23. In saying that the study of sacred Scripture is the ‘soul’ of theology, Dei Verbum has in mind all of the theological disciplines. This foundation in the revealed Word of God, as testified by Scripture and Tradition, is essential for theology. Its primary task is to interpret God’s truth as saving truth. Urged on by Vatican II, Catholic theology seeks to attend to the Word of God and thereby to the witness of Scripture in all its work.[41] Thus it is that in theological expositions ‘biblical themes should have first place’, before anything else.[42] This approach corresponds anew to that of the Fathers of the Church, who were ‘primarily and essentially “commentators on sacred Scripture”’,[43] and it opens up the possibility of ecumenical collaboration: ‘shared listening to the Scriptures … spurs us on towards the dialogue of charity and enables growth in the dialogue of truth’.[44]

24. A criterion of Catholic theology is that it should draw constantly upon the canonical witness of Scripture and should promote the anchoring of all of the Church’s doctrine and practice in that witness, since ‘all the preaching of the Church, as indeed the entire Christian religion, should be nourished and ruled by sacred Scripture’.[45] Theology should endeavour to open wide the Scriptures to the Christian faithful,[46] so that the faithful may come into contact with the living Word of God (cf. Heb 4:12).

2. Fidelity to Apostolic Tradition

25. The Acts of the Apostles describes the life of the early Christian community in a way that is fundamental for the Church of all times: ‘They devoted themselves to the apostles’ teaching and fellowship, to the breaking of bread and the prayers’ (Acts 2:42; cf. Rev 1:3). This succinct description, at the end of the account of the feast of Pentecost, when the Holy Spirit opened the mouths of the apostles to preach and brought many of those who heard them to faith, highlights various essential aspects of the Spirit’s ongoing work in the Church. There is already an anticipatory outline of the Church’s teaching and sacramental life, of its spirituality and commitment to charity. All of these began in the apostolic community, and the handing on of this integral way of life in the Spirit is Apostolic Tradition. Lex orandi (the rule of prayer), lex credendi (the rule of belief) and lex vivendi (the rule of life) are all essential aspects of this Tradition. Paul refers to the Tradition into which as an apostle he has been incorporated when he speaks of ‘handing on’ what he himself ‘received’ (1Cor 15:1-11, cf. also 1Cor 11:23-26).
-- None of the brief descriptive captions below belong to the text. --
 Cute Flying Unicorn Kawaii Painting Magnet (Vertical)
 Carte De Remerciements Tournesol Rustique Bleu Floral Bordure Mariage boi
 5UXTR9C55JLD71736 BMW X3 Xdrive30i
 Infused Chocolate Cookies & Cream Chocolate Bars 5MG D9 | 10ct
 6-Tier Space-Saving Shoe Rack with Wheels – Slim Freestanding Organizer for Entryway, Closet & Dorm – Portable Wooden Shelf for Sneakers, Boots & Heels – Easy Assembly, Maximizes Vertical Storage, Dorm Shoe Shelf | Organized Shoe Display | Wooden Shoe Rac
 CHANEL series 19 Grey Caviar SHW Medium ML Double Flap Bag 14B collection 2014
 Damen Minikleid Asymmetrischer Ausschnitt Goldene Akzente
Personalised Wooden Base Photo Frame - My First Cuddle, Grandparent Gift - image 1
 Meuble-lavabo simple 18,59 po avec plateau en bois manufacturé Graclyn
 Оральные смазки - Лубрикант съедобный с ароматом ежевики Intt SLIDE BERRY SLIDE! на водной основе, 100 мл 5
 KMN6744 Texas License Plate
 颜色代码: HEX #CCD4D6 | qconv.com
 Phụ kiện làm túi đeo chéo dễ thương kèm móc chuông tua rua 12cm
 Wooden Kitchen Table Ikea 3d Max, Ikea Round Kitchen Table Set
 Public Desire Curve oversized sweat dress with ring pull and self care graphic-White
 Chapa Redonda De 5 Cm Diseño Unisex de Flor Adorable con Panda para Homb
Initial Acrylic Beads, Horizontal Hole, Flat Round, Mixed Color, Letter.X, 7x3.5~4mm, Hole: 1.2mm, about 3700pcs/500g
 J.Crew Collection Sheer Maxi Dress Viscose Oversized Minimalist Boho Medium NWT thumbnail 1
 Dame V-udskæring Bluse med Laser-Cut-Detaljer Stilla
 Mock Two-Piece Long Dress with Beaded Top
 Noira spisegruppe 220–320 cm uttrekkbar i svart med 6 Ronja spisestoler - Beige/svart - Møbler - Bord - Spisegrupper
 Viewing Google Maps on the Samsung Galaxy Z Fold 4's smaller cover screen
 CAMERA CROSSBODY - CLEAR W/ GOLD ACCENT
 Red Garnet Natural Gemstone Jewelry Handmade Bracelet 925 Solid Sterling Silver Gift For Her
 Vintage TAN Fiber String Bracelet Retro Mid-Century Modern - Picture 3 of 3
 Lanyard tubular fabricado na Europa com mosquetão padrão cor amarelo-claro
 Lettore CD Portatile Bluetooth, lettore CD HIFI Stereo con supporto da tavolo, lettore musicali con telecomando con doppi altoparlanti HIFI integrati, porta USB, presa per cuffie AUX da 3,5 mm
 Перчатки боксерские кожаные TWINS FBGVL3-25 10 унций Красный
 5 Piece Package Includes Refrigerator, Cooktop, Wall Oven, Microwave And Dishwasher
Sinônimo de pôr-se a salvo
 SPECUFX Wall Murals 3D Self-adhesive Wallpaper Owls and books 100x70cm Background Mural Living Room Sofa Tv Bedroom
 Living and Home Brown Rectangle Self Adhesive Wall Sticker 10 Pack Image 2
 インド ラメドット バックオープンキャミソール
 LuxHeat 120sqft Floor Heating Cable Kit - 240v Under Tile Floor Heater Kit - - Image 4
26. Tradition is therefore something living and vital, an ongoing process in which the unity of faith finds expression in the variety of languages and the diversity of cultures. It ceases to be Tradition if it fossilises. ‘The Tradition that comes from the apostles makes progress in the Church, with the help of the Holy Spirit. There is a growth in insight into the realities and words that are being passed on…. Thus, as the centuries go by, the Church is always advancing towards the plenitude of divine truth, until eventually the words of God are fulfilled in her’.[47] Tradition occurs in the power of the Holy Spirit, who, as Jesus promised his disciples, guides the Church into all the truth (cf. Jn 16:13), by firmly establishing the memory of Jesus himself (cf. Jn 14:26), keeping the Church faithful to her apostolic origins, enabling the secure transmission of the Faith, and prompting the ever-new presentation of the Gospel under the direction of pastors who are successors of the apostles.[48] Vital components of Tradition are therefore: a constantly renewed study of sacred Scripture, liturgical worship, attention to what the witnesses of faith have taught through the ages, catechesis fostering growth in faith, practical love of God and neighbour, structured ecclesial ministry and the service given by the magisterium to the Word of God. What is handed on comprises ‘everything that serves to make the People of God live their lives in holiness and increase their faith’. The Church ‘in her doctrine, life and worship, perpetuates and transmits to every generation all that she herself is, all that she believes’.[49]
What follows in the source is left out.